Each executive witness needs to learn specific defense case themes they can use while answering counsel’s questions. These defense case themes provide the defense’s narrative, as well as a way to answer questions when specific answers are unknown, and are best if articulated in the executive’s (and not the attorney’s) own words.  Executive witnesses can also reinforce key personal values (e.g., doing one’s best, helping others) or their personal philosophy when specific knowledge or recall fails;

  • “I try to do the best I can.”
  • “I did this because it would help the stockholders.”
  • “My personal philosophy was to do what was good for the customer.”

These thematic answers tell the story of the defense case, offer positive motives for the company’s behavior, and reduce the need to respond “I don’t know” or “I can’t recall.”


When asked “yes” and “no” questions, many executives struggle. A single word response may be overly broad, sounds curt, and lets the longer questions seem more important than the shorter answers while fighting the question is combative.  Neither response leads to judgments of thoughtfulness and helpfulness. Short conditioning phrases offer accurate answers, while sounding significantly more thoughtful and helpful. Rather than “yes” or “no,” executives can say,

  • “In some cases, yes,”
  • “Generally, no,”
  • “Under some circumstances, yes,” or
  • “In this situation, no.”

I recommend the “yes” or “no” go at the end of the answer, so opposing counsel cannot prevent the conditioning phrase from being uttered.


Responsive answering employs words and concepts used in the question to start the answer. For example, if asked;

  • “What happened during your initial interview with Mr. Smith?” the witness might say,
  • “During that interview, the first time I met with him, Mr. Smith said….”

Responsive answering is polite (it shows listening), thoughtful, helpful, and makes the answer sound responsive even when it may not be completely so.


The most effective executive witnesses admit the obvious, addresses mistakes in a non-defensive manner, and frame them as unintentional.  Learning from the mistakes makes executives appear competent, concerned, and thoughtful. The more competent a person’s image, the more admitting an error (and learning from it) makes the person likable to others.


Stating a desire to know or recall the requested information makes executives appear cooperative and helpful:

  • “I wish I could help you.”
  • “I’d like to help, though that document is not something I recall seeing previously.”

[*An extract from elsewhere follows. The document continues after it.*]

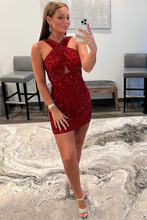 Load image into Gallery viewer, Short Homecoming Dress 2022 Bodycon Halter Neck Short with Sequin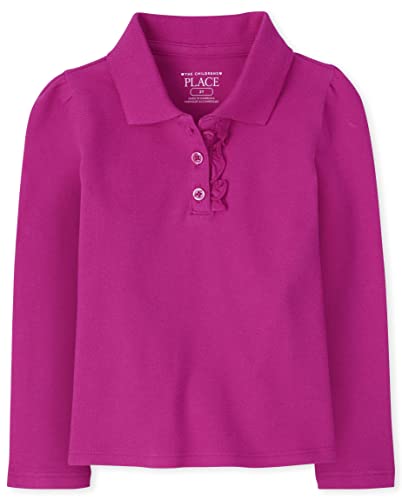 The Children's Place baby-girls and Toddler Girls Long Sleeve Ruffle Pique Polo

Offering a reason for mental lapses is also important. A reason might be contextual

  • “I was not an executive at this company in 1975-77, so I would need to get that information for you.”
  • “My role was accounting.  Marketing is Bill’s area.”
  • “I never worked on that matter.”
  • “I was not present at that meeting.”
  • “I was not normally in the chain of command and communication about that claim.”

A reason might be temporal

  • “That was many years ago.”
  • “I haven’t read that document recently.”

A reason might be surprise

  • “I’ve not been asked that before. Let me think.”
  • “I don’t believe I’ve seen this before.”

No matter, providing a reason for mental lapses is a way of maintaining the Answerer role while avoiding saying,

  • “I don’t know” and “I can’t recall.”

Executives are people, and the goal of witness preparation is to capitalize on their strengths and offer additional behaviors to protect them, not to change their personality.  The skills required of executives in the boardroom are different than the skills required of executives in the courtroom. The skills can be learned and executives, if willing, are usually exceptional students.